Review Paper on Green’s Function- A Mathematical Approach for Investigation of Thermal Stresses in Steam Turbine Rotor

Abstract

In online systems, a numerical technique based on Green’s function for estimating and analyzing thermal stresses subjected to transient conditions proved to be effective. The need for utility power plants to have great operating flexibility necessitates the use of online systems for controlling and monitoring damage to important components, such as steam turbine rotors. Different data and mathematical models are used in such systems to calculate thermal stresses and manage them continuously. Thermal fatigue is becoming more of a worry in power plant workers as the trend toward “two-shifting” operating methods grows. Thermal power plants are anticipated to be a form of energy mix for the near future when they’re under pressure from society to produce in a more efficient and flexible manner.For transient thermal stress problems, Green’s function approach offers a flexible approach for assessing benchmark elastic answers. Green’s functions (deduced using finite element unit temperature phase answers) are frequently believed to be independent of temperature in order to ease integration.

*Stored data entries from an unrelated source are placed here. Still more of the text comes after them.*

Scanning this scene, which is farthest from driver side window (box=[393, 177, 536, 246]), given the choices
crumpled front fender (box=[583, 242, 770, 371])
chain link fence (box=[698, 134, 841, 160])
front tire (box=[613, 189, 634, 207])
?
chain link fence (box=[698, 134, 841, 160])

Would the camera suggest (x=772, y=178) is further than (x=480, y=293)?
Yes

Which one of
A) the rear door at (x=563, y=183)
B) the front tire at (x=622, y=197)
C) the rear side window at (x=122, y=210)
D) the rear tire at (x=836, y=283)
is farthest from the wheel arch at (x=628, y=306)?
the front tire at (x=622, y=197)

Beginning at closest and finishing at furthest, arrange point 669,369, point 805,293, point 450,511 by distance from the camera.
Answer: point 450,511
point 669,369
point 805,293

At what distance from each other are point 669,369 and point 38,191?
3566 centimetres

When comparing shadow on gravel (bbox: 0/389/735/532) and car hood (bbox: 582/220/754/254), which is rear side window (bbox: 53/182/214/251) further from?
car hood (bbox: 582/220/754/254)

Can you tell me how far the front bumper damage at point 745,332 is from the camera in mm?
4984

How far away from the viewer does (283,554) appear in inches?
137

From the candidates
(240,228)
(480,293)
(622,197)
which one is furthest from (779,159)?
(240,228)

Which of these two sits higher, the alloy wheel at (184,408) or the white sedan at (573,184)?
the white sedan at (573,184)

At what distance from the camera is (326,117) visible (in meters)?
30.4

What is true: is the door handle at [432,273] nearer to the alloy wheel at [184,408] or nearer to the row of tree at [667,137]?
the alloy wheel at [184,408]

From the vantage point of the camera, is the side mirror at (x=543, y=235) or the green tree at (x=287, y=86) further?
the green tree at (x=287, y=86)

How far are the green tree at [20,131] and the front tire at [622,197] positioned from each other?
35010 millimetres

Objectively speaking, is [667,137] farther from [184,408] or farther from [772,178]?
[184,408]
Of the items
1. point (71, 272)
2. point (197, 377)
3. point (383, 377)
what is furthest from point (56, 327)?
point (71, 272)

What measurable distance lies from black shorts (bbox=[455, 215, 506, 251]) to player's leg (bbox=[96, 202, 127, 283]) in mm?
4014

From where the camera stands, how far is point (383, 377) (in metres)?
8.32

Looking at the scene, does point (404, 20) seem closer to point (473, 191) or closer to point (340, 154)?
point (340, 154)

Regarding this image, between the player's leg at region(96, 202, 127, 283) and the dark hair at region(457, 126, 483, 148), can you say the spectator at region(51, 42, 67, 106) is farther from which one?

During startup, the turbine shafts of coal power plants are subjected to significant stresses caused by high pressures and temperatures. Thermal gradients approach the design threshold at the very same time that steam temperatures via components quickly transition from minimum to maximum temperature, reducing the rotor’s useful lifetime. Thermal property assessments predicated on relatively stable heating are implicit procedures wherein the temperature-dependent properties and characteristics are determined by comparing the experimental results with heat-transfer concept.